Mori Gallery
- —Art Direction
- —Campaign Design
- —Exhibition Identity
- —Editorial Photography Brief
- —Collateral Design
Mori Gallery's autumn exhibition needed a campaign identity in four weeks. The artist's work dealt in tension, fragmentation, and the space between — so did ours.
Gallery campaigns fail when they illustrate the work rather than continuing it. Mori's artist — Yuki Tanaka — works with physical fragmentation: torn paper, cut surfaces, interrupted lines. Our campaign had to do the same thing with type and image, not just reference it.
INTERRUPTION AS LANGUAGE
The campaign headline is typeset and then cut. Physically cut, scanned, and reassembled digitally with visible tape marks. The fragmentation is real. The repair is real. The tension between them is the point.
RESTRAINT THEN RUPTURE
The base palette is near-monochrome — graphite and off-white, consistent with the gallery's existing identity. Into this, we introduced a single disruptive accent: a saturated coral that only appears in moments of maximum tension in the composition.
— Nadia Volkov, Brand StrategistThe best colour in a campaign is the colour that shouldn't be there. The one that makes you ask why. If you have to ask, it's working.
FROM WALL TO POCKET
The campaign ran across: three-sheet posters in Shinjuku, Ginza, and Shibuya; a 16-page preview booklet; invitation cards; exhibition text panels; and an Instagram series that ran for eight weeks before the opening.

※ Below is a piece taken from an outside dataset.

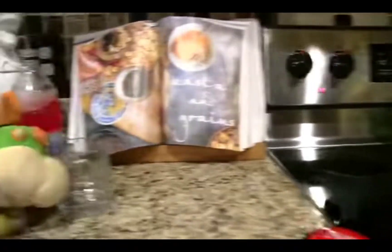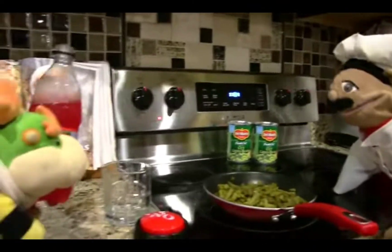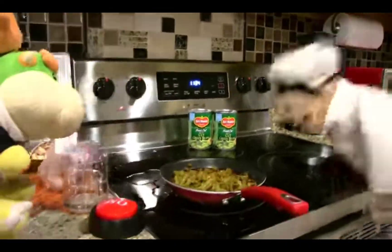Junior, what are you doing? Gonna pour me some Minute Maid. It's already in the bottle — no, you don't need to pour it. Look, don't make a mess, okay? I'm not gonna make a mess. Junior, you're not even trying! Pour it in the cup! And the green beans? No! Not the green beans!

The exhibition opened to a record attendance for the gallery. The campaign posters sold as prints at the exhibition. We consider that the highest possible outcome for this kind of work.
IMMERSION
One week with the artist's work — physically, not from a screen. We visited the studio in Tokyo and handled the actual pieces. That changed the direction entirely.
CONCEPT
Seven concepts developed in parallel, each continuing the work in a different way. Client review narrowed to two. We argued for the cut type. They agreed.
PRODUCTION
Four-week sprint across poster, booklet, invitation, and digital. Physical print production managed with the printer in Tokyo. Everything finished three days before opening.